Remember, rats start feeding at dusk so you may not see them during the daytime but as the sun begins to set, rats start looking for food. Pick up any fruit that may have fallen to the ground and place them in the garbage can. If you have damaged fruit on the tree, then you should also remove them. Clean out garbage cans to remove foul smells that may attract rodents back for a meal. You should also seek advice from your local extension office on rodent proofing your home or ask your pest-control company for a free inspection. Finally, after you have rodent proofed your home; you may want to try to bait some of the rodents you are seeing.
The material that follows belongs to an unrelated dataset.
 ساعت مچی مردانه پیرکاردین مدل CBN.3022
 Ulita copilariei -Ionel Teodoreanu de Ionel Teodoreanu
Baiting for rodents requires the use of a rodent station which is normally pre-baited. These can be purchased at a do-it-yourself pest-control store. An averaged sized home may require up to three stations. Place the stations against the edge of the home with the openings on the station being closest to the wall. Rats’ hug walls as they travel to and from your home, eventually bringing them in contact with your bait station. Once they find the station and feed on the bait, they will usually die within a few days. Please make sure your stations are secured to the ground so children and pets cannot move or tamper with the station. Check you stations regularly to make sure there is still bait available. You may not kill all the rats you have in the yard, but you will eliminate those looking forward to finding a new place to live.

Growing citrus can be a lot of fun but as the fruit begins to mature; you have to be aware of uninvited guests. Inspect your home for any openings and seal them. Pick up and dropped fruit and place them in sealed containers. Protect your family and property from rats and the diseases they carry and do not give them the opportunity to share your living quarters. Good luck and remember, without plants, we would not be here.
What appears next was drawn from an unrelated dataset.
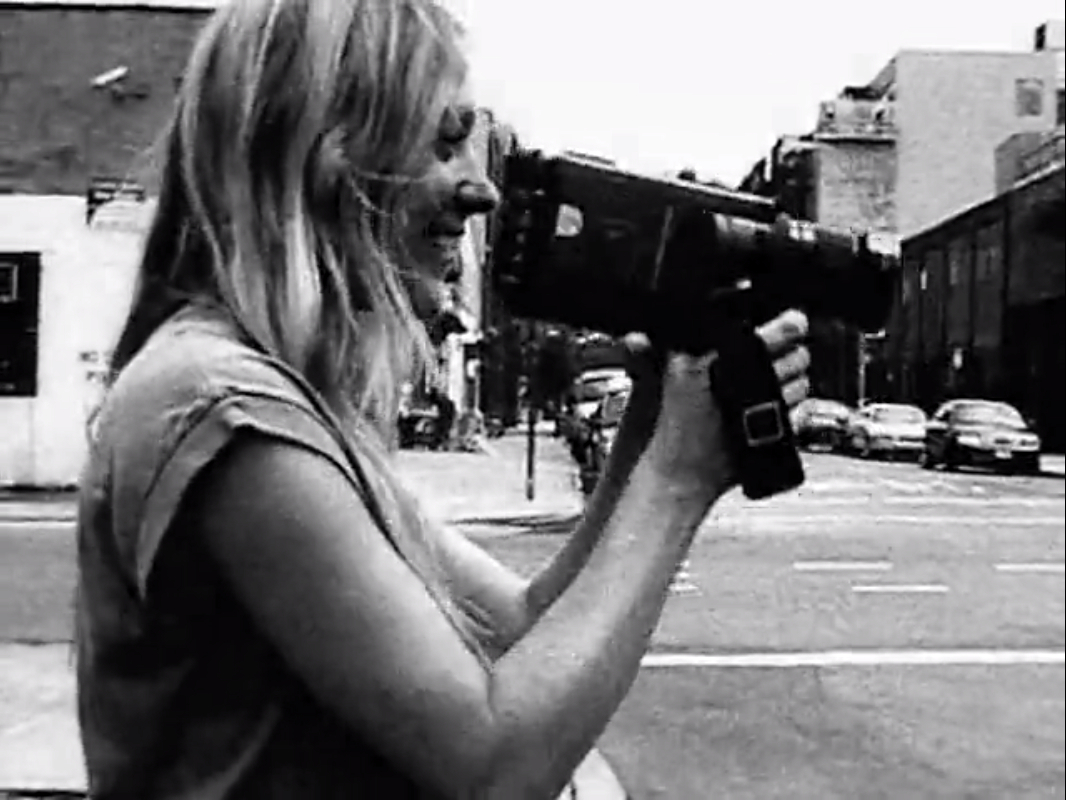 Chloë Sevigny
2 thoughts on “Rats and Insects feeding on your Citrus Trees

  1. Tina says:

    If rats are feeding off your tree, can it contaminate all the oranges?

    1. Mark Govan says:

      The only way you could be infected by rats feeding off a tree would be if you consumed the leftover residue the rat left behind on a piece of fruit the rat had been eating. You would probably have to consume this within a minute of the time the rat was feeding upon the same piece of fruit. There is nothing that the rats can transmit to the tree that would stay there and infect the rest of the fruit on the tree. I hope this helps to alleviate your fears!